→ WHAT TO WORK ON: Write out the entries once more, exactly as they appear.
BEGIN
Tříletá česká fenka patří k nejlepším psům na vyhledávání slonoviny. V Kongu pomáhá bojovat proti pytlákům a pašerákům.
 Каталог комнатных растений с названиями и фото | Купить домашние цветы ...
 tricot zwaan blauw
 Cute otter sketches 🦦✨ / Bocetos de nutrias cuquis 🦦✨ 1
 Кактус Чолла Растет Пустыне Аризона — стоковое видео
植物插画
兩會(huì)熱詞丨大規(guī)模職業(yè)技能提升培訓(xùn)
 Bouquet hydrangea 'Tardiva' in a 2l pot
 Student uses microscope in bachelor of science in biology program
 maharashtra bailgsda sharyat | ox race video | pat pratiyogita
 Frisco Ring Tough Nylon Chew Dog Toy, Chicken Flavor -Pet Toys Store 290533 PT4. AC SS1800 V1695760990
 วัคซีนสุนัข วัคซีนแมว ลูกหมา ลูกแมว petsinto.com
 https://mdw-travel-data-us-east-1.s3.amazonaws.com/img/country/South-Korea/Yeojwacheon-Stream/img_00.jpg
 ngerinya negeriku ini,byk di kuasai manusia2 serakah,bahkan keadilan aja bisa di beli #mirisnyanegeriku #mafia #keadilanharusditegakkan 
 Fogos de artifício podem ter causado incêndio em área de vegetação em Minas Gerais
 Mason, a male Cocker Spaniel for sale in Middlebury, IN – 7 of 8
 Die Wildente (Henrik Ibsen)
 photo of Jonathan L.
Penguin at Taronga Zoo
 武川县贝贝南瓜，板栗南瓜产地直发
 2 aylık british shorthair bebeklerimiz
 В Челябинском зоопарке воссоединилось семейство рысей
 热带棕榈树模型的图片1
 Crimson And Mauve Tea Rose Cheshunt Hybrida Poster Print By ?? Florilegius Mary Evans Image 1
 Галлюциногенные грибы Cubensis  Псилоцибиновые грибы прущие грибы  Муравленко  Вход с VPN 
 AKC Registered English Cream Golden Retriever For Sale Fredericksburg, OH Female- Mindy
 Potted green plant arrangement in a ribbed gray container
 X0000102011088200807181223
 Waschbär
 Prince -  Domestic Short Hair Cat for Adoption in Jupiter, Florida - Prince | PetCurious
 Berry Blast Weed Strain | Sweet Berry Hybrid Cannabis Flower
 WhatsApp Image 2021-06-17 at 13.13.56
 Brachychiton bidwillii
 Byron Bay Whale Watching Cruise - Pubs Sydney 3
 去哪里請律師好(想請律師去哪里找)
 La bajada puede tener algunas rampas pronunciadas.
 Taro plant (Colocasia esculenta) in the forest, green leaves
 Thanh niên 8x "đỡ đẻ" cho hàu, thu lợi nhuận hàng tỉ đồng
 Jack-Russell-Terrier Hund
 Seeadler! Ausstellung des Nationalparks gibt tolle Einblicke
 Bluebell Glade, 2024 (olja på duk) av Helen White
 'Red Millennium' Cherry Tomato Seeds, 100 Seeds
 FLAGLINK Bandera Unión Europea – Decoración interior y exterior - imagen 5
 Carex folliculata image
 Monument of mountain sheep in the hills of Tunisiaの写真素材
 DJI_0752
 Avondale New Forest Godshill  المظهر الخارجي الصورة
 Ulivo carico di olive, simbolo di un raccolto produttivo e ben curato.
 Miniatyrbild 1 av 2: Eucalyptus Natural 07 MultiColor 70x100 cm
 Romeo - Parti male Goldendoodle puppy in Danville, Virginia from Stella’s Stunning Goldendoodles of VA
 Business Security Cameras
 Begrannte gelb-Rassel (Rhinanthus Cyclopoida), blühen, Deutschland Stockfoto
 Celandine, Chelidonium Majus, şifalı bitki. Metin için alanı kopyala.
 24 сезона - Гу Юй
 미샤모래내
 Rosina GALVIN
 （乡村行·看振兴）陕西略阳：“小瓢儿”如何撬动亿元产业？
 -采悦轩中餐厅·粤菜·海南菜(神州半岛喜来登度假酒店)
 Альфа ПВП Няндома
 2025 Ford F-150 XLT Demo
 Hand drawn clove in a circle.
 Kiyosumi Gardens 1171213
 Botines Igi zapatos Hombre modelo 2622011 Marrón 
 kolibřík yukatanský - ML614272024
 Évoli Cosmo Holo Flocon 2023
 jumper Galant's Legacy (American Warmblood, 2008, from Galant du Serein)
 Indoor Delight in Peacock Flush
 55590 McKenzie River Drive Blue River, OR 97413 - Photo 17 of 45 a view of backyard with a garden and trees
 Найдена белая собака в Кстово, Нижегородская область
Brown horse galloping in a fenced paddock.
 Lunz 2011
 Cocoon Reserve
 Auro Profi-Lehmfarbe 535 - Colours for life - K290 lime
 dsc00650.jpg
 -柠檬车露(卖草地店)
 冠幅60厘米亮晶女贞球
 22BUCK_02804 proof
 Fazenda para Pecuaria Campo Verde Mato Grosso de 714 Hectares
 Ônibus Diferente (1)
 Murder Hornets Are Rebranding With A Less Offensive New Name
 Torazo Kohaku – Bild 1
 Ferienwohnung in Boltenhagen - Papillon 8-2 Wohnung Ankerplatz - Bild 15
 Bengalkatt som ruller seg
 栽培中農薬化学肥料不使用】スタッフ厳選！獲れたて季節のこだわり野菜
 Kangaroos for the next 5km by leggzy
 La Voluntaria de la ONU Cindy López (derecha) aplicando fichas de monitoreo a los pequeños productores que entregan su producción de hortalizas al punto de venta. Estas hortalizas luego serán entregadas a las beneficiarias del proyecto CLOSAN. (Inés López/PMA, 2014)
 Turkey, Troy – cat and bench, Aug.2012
END
→ FINISHED EXERCISE:
Tříletá česká fenka patří k nejlepším psům na vyhledávání slonoviny. V Kongu pomáhá bojovat proti pytlákům a pašerákům.
 Каталог комнатных растений с названиями и фото | Купить домашние цветы ...
 tricot zwaan blauw
 Cute otter sketches 🦦✨ / Bocetos de nutrias cuquis 🦦✨ 1
 Кактус Чолла Растет Пустыне Аризона — стоковое видео
植物插画
兩會(huì)熱詞丨大規(guī)模職業(yè)技能提升培訓(xùn)
 Bouquet hydrangea 'Tardiva' in a 2l pot
 Student uses microscope in bachelor of science in biology program
 maharashtra bailgsda sharyat | ox race video | pat pratiyogita
 Frisco Ring Tough Nylon Chew Dog Toy, Chicken Flavor -Pet Toys Store 290533 PT4. AC SS1800 V1695760990
 วัคซีนสุนัข วัคซีนแมว ลูกหมา ลูกแมว petsinto.com
 https://mdw-travel-data-us-east-1.s3.amazonaws.com/img/country/South-Korea/Yeojwacheon-Stream/img_00.jpg
 ngerinya negeriku ini,byk di kuasai manusia2 serakah,bahkan keadilan aja bisa di beli #mirisnyanegeriku #mafia #keadilanharusditegakkan 
 Fogos de artifício podem ter causado incêndio em área de vegetação em Minas Gerais
 Mason, a male Cocker Spaniel for sale in Middlebury, IN – 7 of 8
 Die Wildente (Henrik Ibsen)
 photo of Jonathan L.
Penguin at Taronga Zoo
 武川县贝贝南瓜，板栗南瓜产地直发
 2 aylık british shorthair bebeklerimiz
 В Челябинском зоопарке воссоединилось семейство рысей
 热带棕榈树模型的图片1
 Crimson And Mauve Tea Rose Cheshunt Hybrida Poster Print By ?? Florilegius Mary Evans Image 1
 Галлюциногенные грибы Cubensis  Псилоцибиновые грибы прущие грибы  Муравленко  Вход с VPN 
 AKC Registered English Cream Golden Retriever For Sale Fredericksburg, OH Female- Mindy
 Potted green plant arrangement in a ribbed gray container
 X0000102011088200807181223
 Waschbär
 Prince -  Domestic Short Hair Cat for Adoption in Jupiter, Florida - Prince | PetCurious
 Berry Blast Weed Strain | Sweet Berry Hybrid Cannabis Flower
 WhatsApp Image 2021-06-17 at 13.13.56
 Brachychiton bidwillii
 Byron Bay Whale Watching Cruise - Pubs Sydney 3
 去哪里請律師好(想請律師去哪里找)
 La bajada puede tener algunas rampas pronunciadas.
 Taro plant (Colocasia esculenta) in the forest, green leaves
 Thanh niên 8x "đỡ đẻ" cho hàu, thu lợi nhuận hàng tỉ đồng
 Jack-Russell-Terrier Hund
 Seeadler! Ausstellung des Nationalparks gibt tolle Einblicke
 Bluebell Glade, 2024 (olja på duk) av Helen White
 'Red Millennium' Cherry Tomato Seeds, 100 Seeds
 FLAGLINK Bandera Unión Europea – Decoración interior y exterior - imagen 5
 Carex folliculata image
 Monument of mountain sheep in the hills of Tunisiaの写真素材
 DJI_0752
 Avondale New Forest Godshill  المظهر الخارجي الصورة
 Ulivo carico di olive, simbolo di un raccolto produttivo e ben curato.
 Miniatyrbild 1 av 2: Eucalyptus Natural 07 MultiColor 70x100 cm
 Romeo - Parti male Goldendoodle puppy in Danville, Virginia from Stella’s Stunning Goldendoodles of VA
 Business Security Cameras
 Begrannte gelb-Rassel (Rhinanthus Cyclopoida), blühen, Deutschland Stockfoto
 Celandine, Chelidonium Majus, şifalı bitki. Metin için alanı kopyala.
 24 сезона - Гу Юй
 미샤모래내
 Rosina GALVIN
 （乡村行·看振兴）陕西略阳：“小瓢儿”如何撬动亿元产业？
 -采悦轩中餐厅·粤菜·海南菜(神州半岛喜来登度假酒店)
 Альфа ПВП Няндома
 2025 Ford F-150 XLT Demo
 Hand drawn clove in a circle.
 Kiyosumi Gardens 1171213
 Botines Igi zapatos Hombre modelo 2622011 Marrón 
 kolibřík yukatanský - ML614272024
 Évoli Cosmo Holo Flocon 2023
 jumper Galant's Legacy (American Warmblood, 2008, from Galant du Serein)
 Indoor Delight in Peacock Flush
 55590 McKenzie River Drive Blue River, OR 97413 - Photo 17 of 45 a view of backyard with a garden and trees
 Найдена белая собака в Кстово, Нижегородская область
Brown horse galloping in a fenced paddock.
 Lunz 2011
 Cocoon Reserve
 Auro Profi-Lehmfarbe 535 - Colours for life - K290 lime
 dsc00650.jpg
 -柠檬车露(卖草地店)
 冠幅60厘米亮晶女贞球
 22BUCK_02804 proof
 Fazenda para Pecuaria Campo Verde Mato Grosso de 714 Hectares
 Ônibus Diferente (1)
 Murder Hornets Are Rebranding With A Less Offensive New Name
 Torazo Kohaku – Bild 1
 Ferienwohnung in Boltenhagen - Papillon 8-2 Wohnung Ankerplatz - Bild 15
 Bengalkatt som ruller seg
 栽培中農薬化学肥料不使用】スタッフ厳選！獲れたて季節のこだわり野菜
 Kangaroos for the next 5km by leggzy
 La Voluntaria de la ONU Cindy López (derecha) aplicando fichas de monitoreo a los pequeños productores que entregan su producción de hortalizas al punto de venta. Estas hortalizas luego serán entregadas a las beneficiarias del proyecto CLOSAN. (Inés López/PMA, 2014)
 Turkey, Troy – cat and bench, Aug.2012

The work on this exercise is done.